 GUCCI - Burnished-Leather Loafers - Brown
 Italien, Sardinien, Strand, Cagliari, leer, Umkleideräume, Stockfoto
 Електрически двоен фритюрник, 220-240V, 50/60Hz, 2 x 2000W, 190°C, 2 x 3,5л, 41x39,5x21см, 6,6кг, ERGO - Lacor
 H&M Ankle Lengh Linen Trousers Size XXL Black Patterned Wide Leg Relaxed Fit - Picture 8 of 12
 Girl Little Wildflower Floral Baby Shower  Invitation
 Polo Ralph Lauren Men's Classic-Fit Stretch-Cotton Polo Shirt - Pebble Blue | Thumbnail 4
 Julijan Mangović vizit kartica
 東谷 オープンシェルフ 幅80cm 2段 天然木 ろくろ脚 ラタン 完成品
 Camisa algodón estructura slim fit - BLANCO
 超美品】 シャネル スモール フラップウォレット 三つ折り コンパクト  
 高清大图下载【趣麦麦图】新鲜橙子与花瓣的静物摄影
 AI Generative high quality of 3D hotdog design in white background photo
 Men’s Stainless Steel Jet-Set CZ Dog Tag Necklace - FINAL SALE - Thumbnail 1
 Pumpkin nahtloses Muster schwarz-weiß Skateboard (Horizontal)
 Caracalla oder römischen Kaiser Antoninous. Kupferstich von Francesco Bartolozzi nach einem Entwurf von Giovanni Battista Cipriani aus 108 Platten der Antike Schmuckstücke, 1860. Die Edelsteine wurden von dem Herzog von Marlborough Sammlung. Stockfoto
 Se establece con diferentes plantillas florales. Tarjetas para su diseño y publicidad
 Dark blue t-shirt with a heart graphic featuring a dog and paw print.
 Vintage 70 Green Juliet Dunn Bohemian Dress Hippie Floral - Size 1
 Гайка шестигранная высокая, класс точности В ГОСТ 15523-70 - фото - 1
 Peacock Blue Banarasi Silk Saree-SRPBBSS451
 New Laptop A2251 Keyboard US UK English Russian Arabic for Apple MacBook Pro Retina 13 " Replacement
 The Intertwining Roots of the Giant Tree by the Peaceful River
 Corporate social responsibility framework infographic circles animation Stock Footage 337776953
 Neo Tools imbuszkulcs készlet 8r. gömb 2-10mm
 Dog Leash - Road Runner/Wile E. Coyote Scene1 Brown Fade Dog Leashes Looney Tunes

**TASK DETAILS**: From the records above, copy out the line with "Polo Ralph Lauren", the line with "超美品】 シャネル スモール フラップウォレット 三つ折り コンパクト", and every line between them, word for word.

**RESPONSE TO THE TASK**:
 Polo Ralph Lauren Men's Classic-Fit Stretch-Cotton Polo Shirt - Pebble Blue | Thumbnail 4
 Julijan Mangović vizit kartica
 東谷 オープンシェルフ 幅80cm 2段 天然木 ろくろ脚 ラタン 完成品
 Camisa algodón estructura slim fit - BLANCO
 超美品】 シャネル スモール フラップウォレット 三つ折り コンパクト  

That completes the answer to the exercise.